中央区の見解:生成AIの活用を慎重に検討し、議事録作成の効率化を目指す
現在、中央区としてAIの議事録サービスを活用している。今後も様々な形で生成AIの活用に対する調査検討を進めている。要約についても、サンプルを使ったテストや、サービス事業者との交渉を行っている。
一方、現在のレベルでは中央区が要望するレベルまで至っておらず、結局人の目が入らないと、正しい文字化に繋がらないという実態もあり、今後もニーズに応じた事業者を確認しながら、検討を進めていく。
また、そもそも生成AIがどういった働きをすることで、私たちの生産性向上に寄与していくのか、まだ不透明なところもある。他区ではすでに活用している事例も承知しているが、ルールがキチンと策定されていない等、課題があることも事実だ。公の仕事に携わる立場の中で使えるものはなにか、考えていく。(企画部長追加答弁)

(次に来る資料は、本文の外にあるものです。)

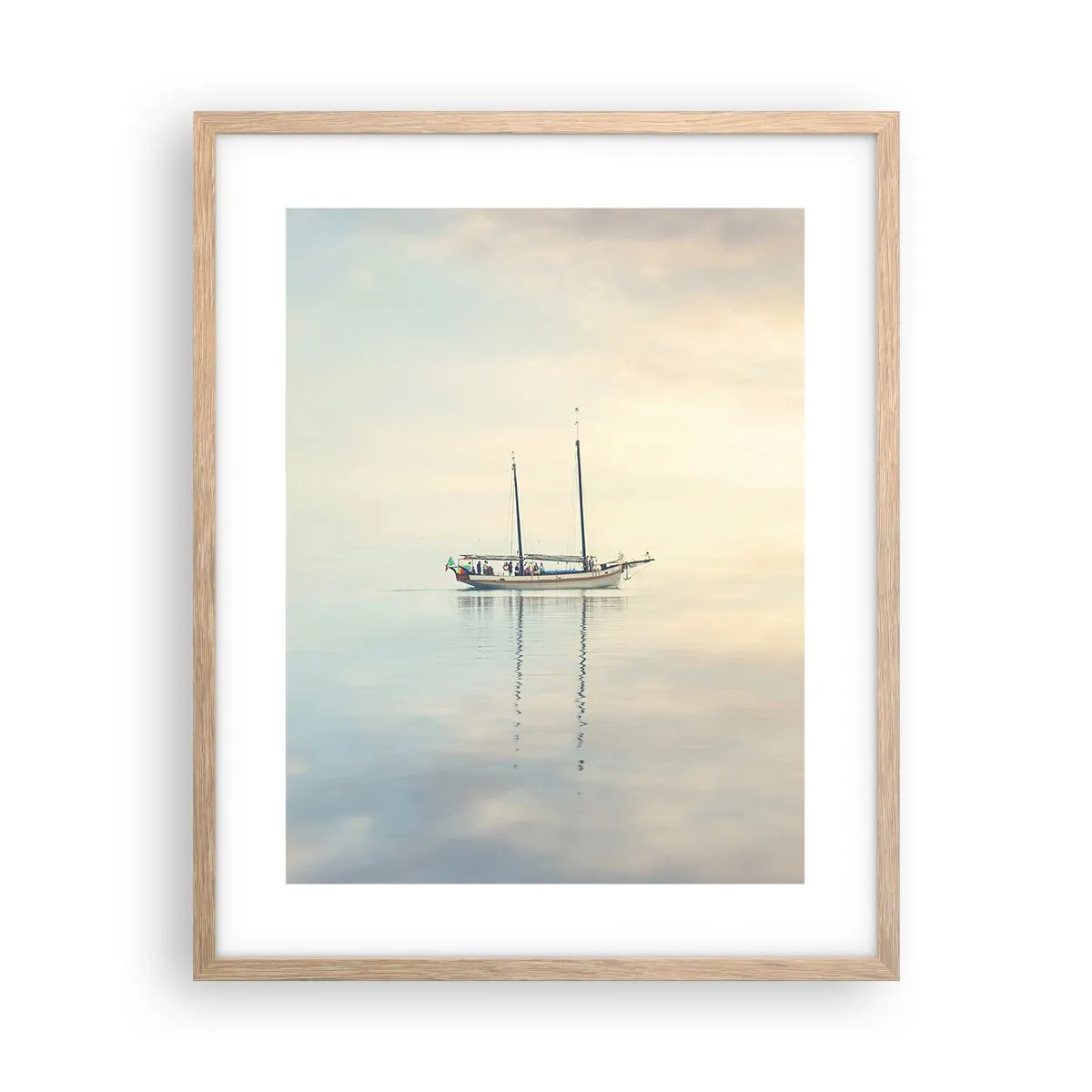 Affiche dans un chêne clair - Poster - Dans une mer de silence - 40x50 cm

上田の想い:AI技術の積極的な導入により、業務効率化と品質向上を図るべき
8月より、Nottaというサービス事業者のアンバサダー、要は宣伝大使になったのですが、この1年を見ても信じられないぐらいの成長スピードで、AIのできることが劇的に増えていることを感じています。優れた技術は無駄を省き、品質を高めます。確かに“正確性を担保する部分”については慎重になるべきですが、ざっと理解すればよいもの出会ったり、内容にクリティカルな課題が出ない部分については、積極的な利活用を検討するべきです。ぜひ画像生成や庁内書類の作成に試験的であっても導入することを要望しました。
②議会における議事録公開に要する日数について
上田の課題:議事録の公開を迅速化し、情報公開の充実を図る必要がある
中央区は勤労世帯が多く、平日日中に傍聴することは難しいなか、議事録は貴重な情報公開の仕組みです。しかし、議事録公開までに要する日数はいずれも100日以上、最長だと154日、およそ半年にもなります。国会では10日程度で正式な議事録が出ているほか、都議会も30~50日で公開しており、大きく遅れていると言わざるを得ません。本件について、どのように改善していくのか、議会局の考えを伺います。
↓中央区HPから
中央区の見解:議事録作成の効率化を図り、公開までの時間短縮を目指す
上田委員から「大きく遅れている」という、大変厳しいお言葉をいただいたことは重く受け止める。少しでも早く公開をしたい、とは思っているが、様々な手直しを複数の職員が繰り返しやっている、という現実もある。人手を少しでも少なくするため、生成AIをトライしたこともあるが、正直言って品質が求めているものに達していなかった。今後も時間短縮に向け、研究を進めていく。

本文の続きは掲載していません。